Alas, I have a weakness (at least one): tight and/or technical cornering. I’m awful. I mean really quite terrible. Put-a-foot-down-and-push-through-the-turn terrible. Before I started mountain biking last year I spent almost 10 years on a road bike, and cornering on a road bike and on a mountain bike couldn’t be more different. So I’ve carried lazy road biking habits into my mountain biking and it has resulted in sloppy technique.
The thing is, I know what I need to do to corner well on the mountain bike. Drop my outside foot, look through the turn, point my hips through the turn, get off the saddle, lean the bike over but keep my center of gravity over the wheels. Easy enough! The hard part is taking that knowledge and putting it into practice. Sometimes I just plain forget. Other times I get lazy. Most of the time I just simply don’t trust what I know to be true. It’s not an easy thing to put theory into practice, on the bike or off.

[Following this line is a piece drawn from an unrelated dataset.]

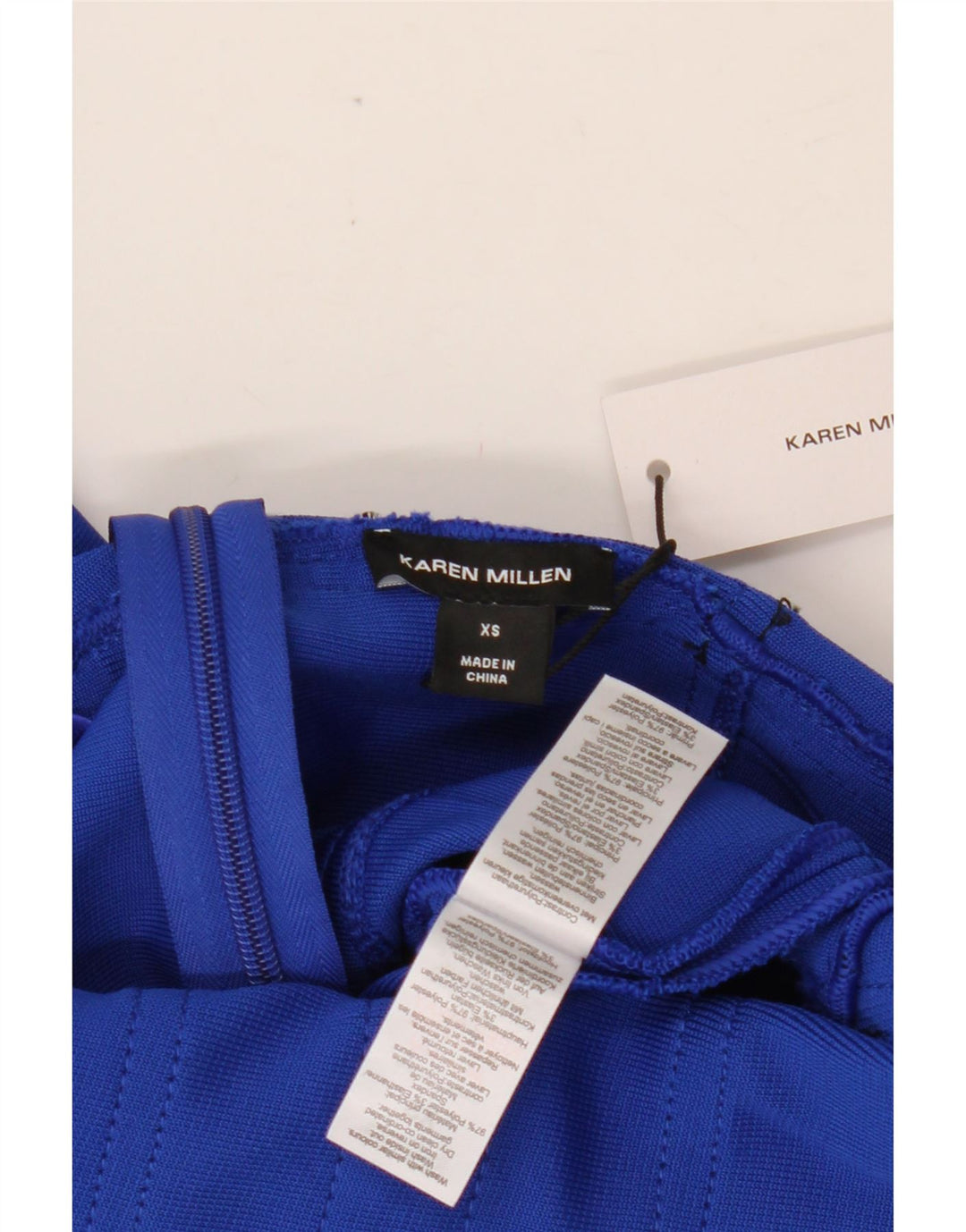 KAREN MILLEN Dame Leggings UK 6 XS Blå Polyester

Handling our investment portfolios, most of us know what we need to do. Rebalance. Stick to your long term plan. Don’t panic. Don’t get greedy. Don’t be afraid of today’s international crisis. Don’t be disappointed that you missed out on today’s absurd 300%+ move in a hot biotech stock. Don’t be susceptible from the “next big thing” pitch from your neighborhood broker or the promise of riskless returns from that insurance agent.
We know all of that. But can we put it into practice? In 2013 were you selling small cap US stocks and buying intermediate muni’s and emerging markets? In early 2009 were you selling off US Treasuries and buying stocks of all stripes? From 1995-2000 did you hold on to your small caps, your value stocks, your REITs and your bonds while your golfing buddy bragged about his 25% annual returns?
Knowing is easy. Doing requires commitment. It requires rationality. Doing requires the belief that it’s not really different this time, that it’s not a new world order. Sometime in the next 10 years we will get a market cycle that forces all of us to put our theoretical knowledge into practice. Are you confident that you’ll do what you know?